Danish actor Mads Mikkelsen — best known for his skillful and distinctly human portrayal of dark characters in films like “The Hunt” and “Casino Royale,” as well as the television series “Hannibal” — started his acting career by dancing.
“I loved every second of it. But I found out that I was a little more in love with the drama of dancing than the aesthetics of dancing, and so it was a natural step for me to try to go that way,” Mikkelsen told Variety film critic Peter Debruge.
During a master class in the Variety Streaming Room presented by Sarajevo Film Festival, Mikkelsen reflected on his nearly 25 years in the entertainment industry, touching on topics ranging from character complexity to preparing for roles and beyond.
Mikkelsen had a relatively late start to his acting career, making his film debut in Nicolas Winding Refn’s 1996 crime thriller “Pusher” at the age of 30. The role launched Mikkelsen to the forefront of Danish cinema, and he went on to work with acclaimed Danish directors such as Anders Thomas Jensen and Susanne Bier. However, it was not until 2006 that he truly broke through in the U.S. as antagonist Le Chiffre in the James Bond movie “Casino Royale.”
As Le Chiffre, Mikkelsen proved his ability to humanize villains in a way that often makes them much more sinister.
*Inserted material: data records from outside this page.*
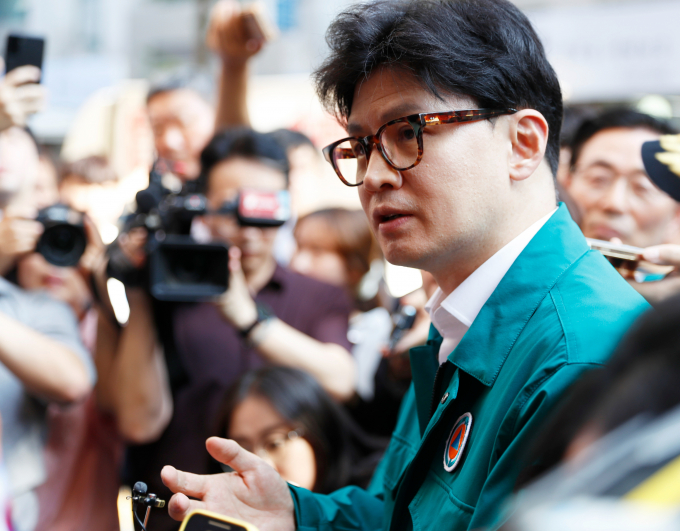 한동훈 국민의힘 대표가 지난 22일 화재가 발생한 경기 부천시 현장을 방문했다. 사진은 한 대표가 23일 19명의 사상자가 발생한 경기 부천시 원미구 중동 호텔 화재현장을 찾아 현장 점검을 하는 모습. /사진=뉴시스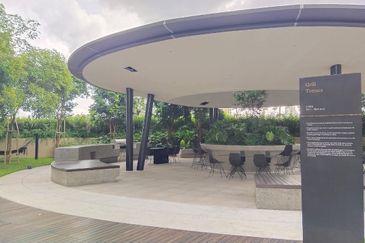 Residensi Solaris Parq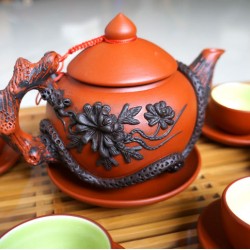 Ấm chén tử sa Bát Tràng đắp nổi hoa phù dung đen AC46A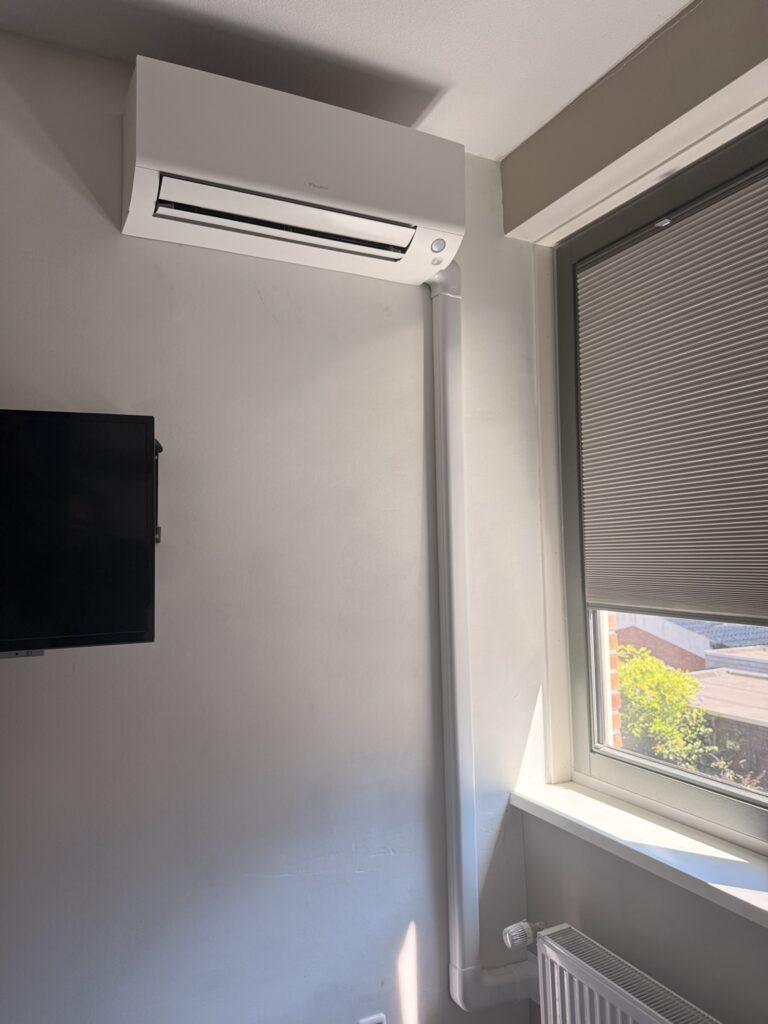 Wandmodel airco geïnstalleerd in een slaapkamer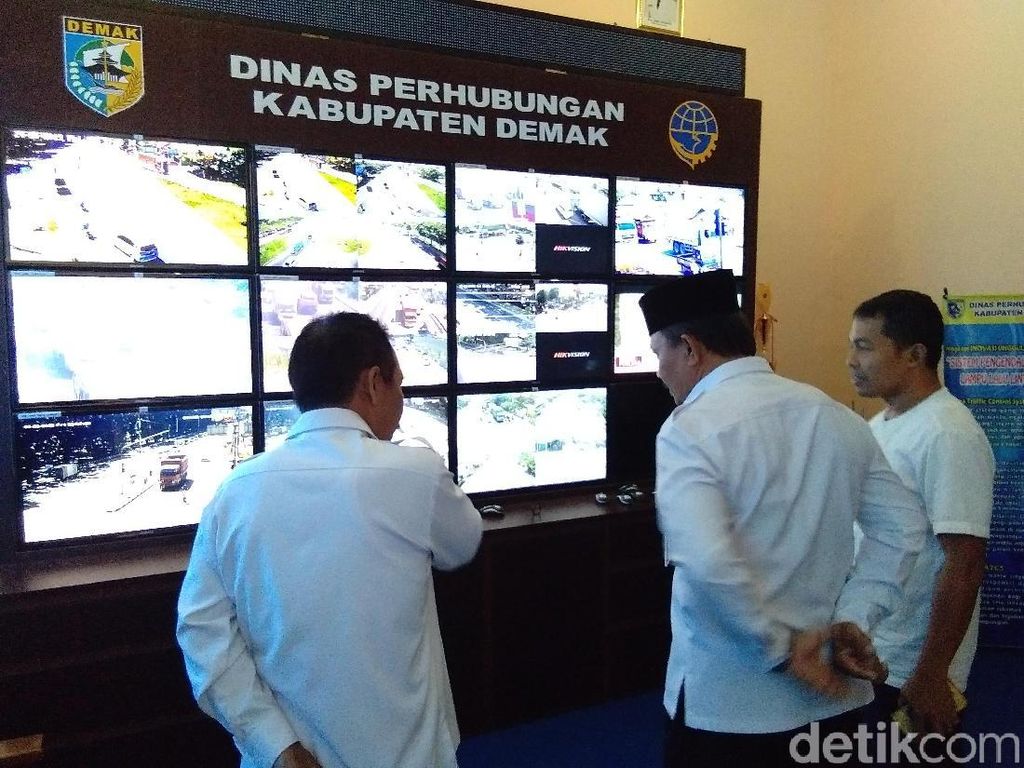 Puluhan CCTV Dipasang di 6 Titik Jalur Mudik Demak Puluhan CCTV Dipasang di 6 Titik Jalur Mudik Demak
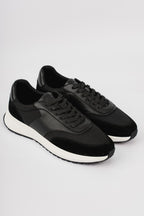 Legend London FOOTWEAR FORMA RUNNER - BLACK AND WHITE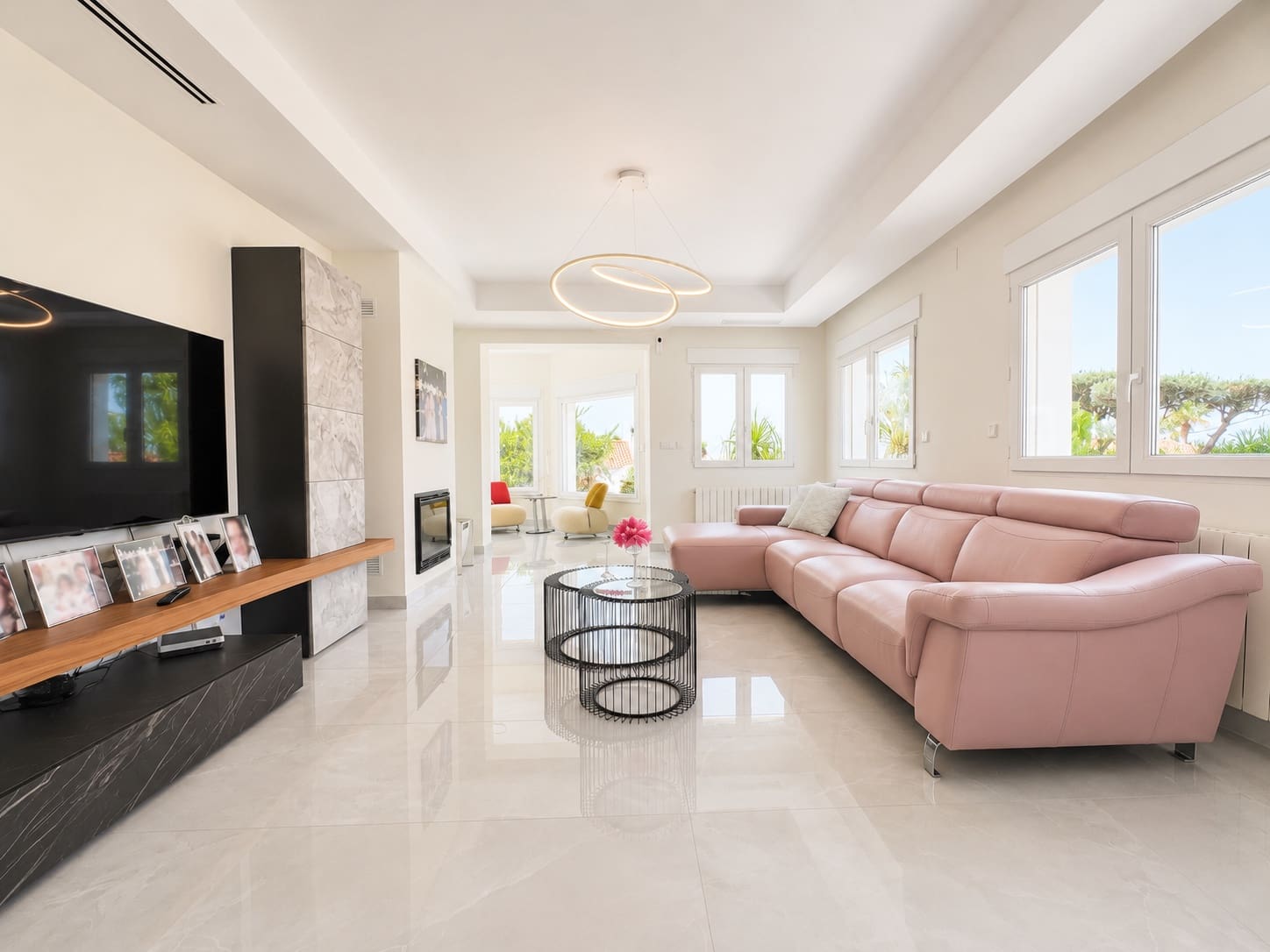 5 bedroom Villa for sale in Denia with pool - € 1,190,000 (Ref: 9970338)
“He’s not taking over the world, and he becomes fragile in a couple situations. He’s just another person that owes a lot of people a lot of money. And so that becomes humanizing to a degree, right?” Mikkelsen said. “That’s been the key word with the new era that Bond has stepped into because we love all the bad guys from the ’70s and the ’60s. They’re iconic. But time is changing and we want to see something a little more realistic in a character.”